This paper investigates the realizability problem for Distance Counting Matrices (DCMs) of graphs—integer matrices whose $(i,j)$-entry counts the number of node pairs at graph distance $d$. The authors establish, for the first time, that deciding whether a given integer matrix is the DCM of some undirected simple graph is strongly NP-complete. This result is rigorously proven via a polynomial-time reduction from the 3-Partition problem. The strong NP-completeness implies that no polynomial-time algorithm exists unless P = NP, thereby establishing a fundamental theoretical barrier for axiomatizing geometric centrality measures—particularly in constructing counterexamples. Moreover, it indicates that synthesizing graphs with prescribed distance distributions necessitates intelligent approaches beyond brute-force enumeration, such as heuristic search or constrained optimization.

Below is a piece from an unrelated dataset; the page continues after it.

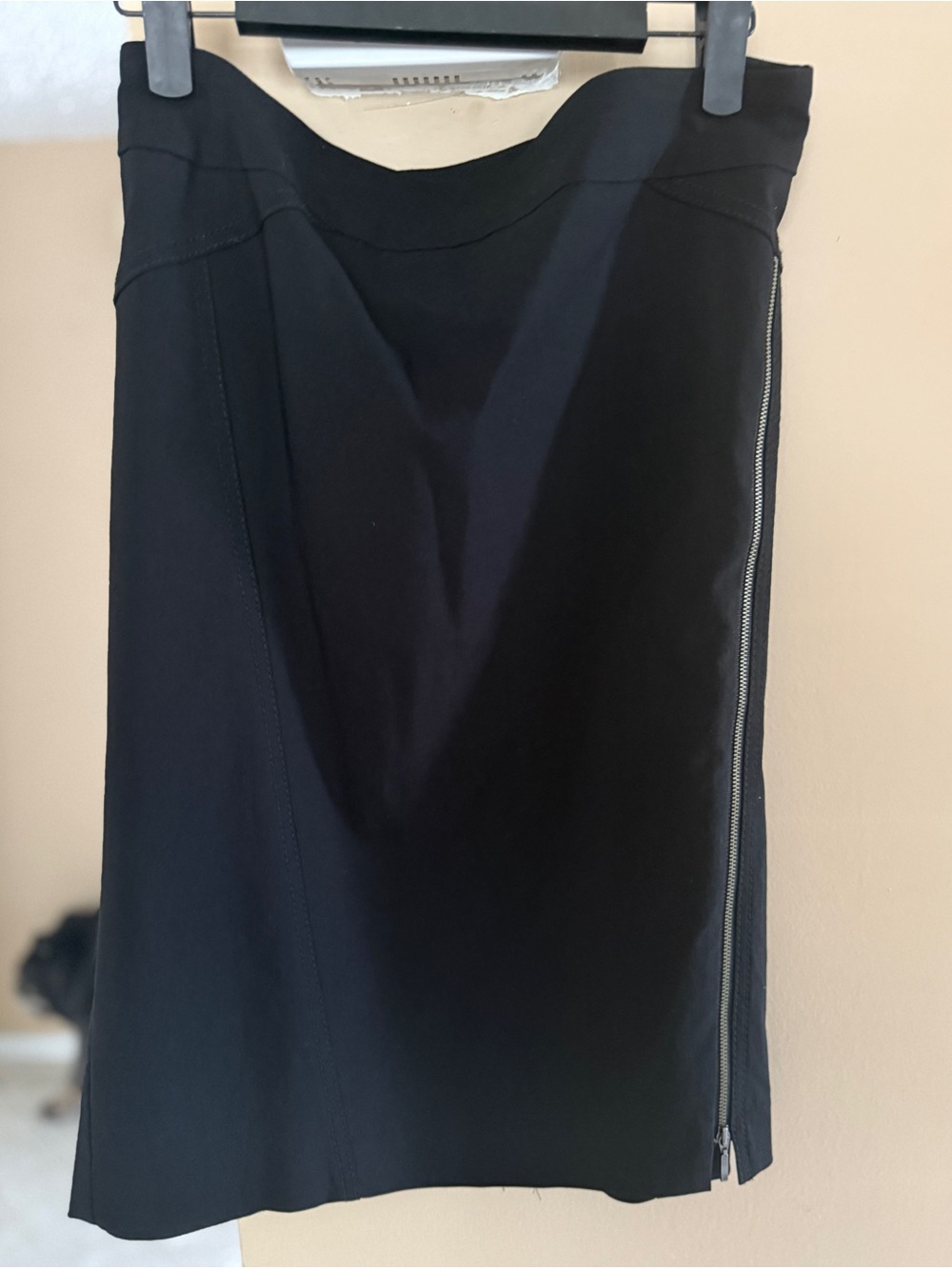 Renuar Black Pencil Skirt with Side Zipper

Axiomatization of centrality measures often involves proving that something cannot hold by providing a counterexample (i.e., a graph for which that specific centrality index fails to have a given property). In the context of geometric centralities, building such counterexamples requires constructing a graph with specific distance counts between nodes, as expressed by its distance-count matrix. We prove that deciding whether a matrix is the distance-count matrix of a graph is strongly NP-complete. This negative result implies that a brute-force approach to building this kind of counterexample is out of question, and cleverer approaches are required.